_Exercise brief_
Copy the listing as it is written, and leave each picture out.

_Dataset excerpt_
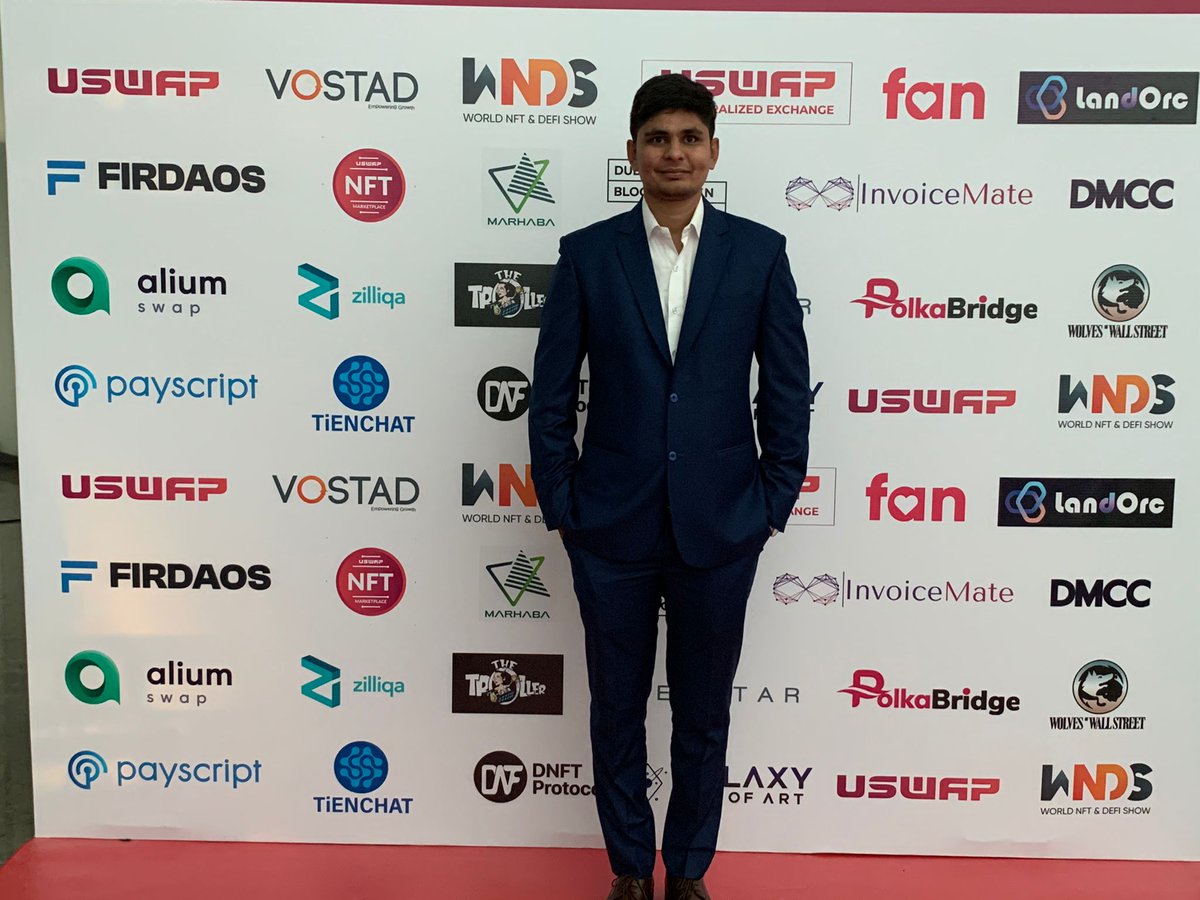 stalwartinfo's tweet photo. It was a great experience Attending the WNDS World NFT Defi Expo and Summit, Last week in Dubai.

This was my first conference in an event like this and It was a great learning experience🌟

#NFT  #DeFi #Dubai #Blockchain #CardanoNFT #Cardano #Stalwartinfo https://t.co/aItzJTaoVJ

_Exercise response_
 stalwartinfo's tweet photo. It was a great experience Attending the WNDS World NFT Defi Expo and Summit, Last week in Dubai.

This was my first conference in an event like this and It was a great learning experience🌟

#NFT  #DeFi #Dubai #Blockchain #CardanoNFT #Cardano #Stalwartinfo https://t.co/aItzJTaoVJ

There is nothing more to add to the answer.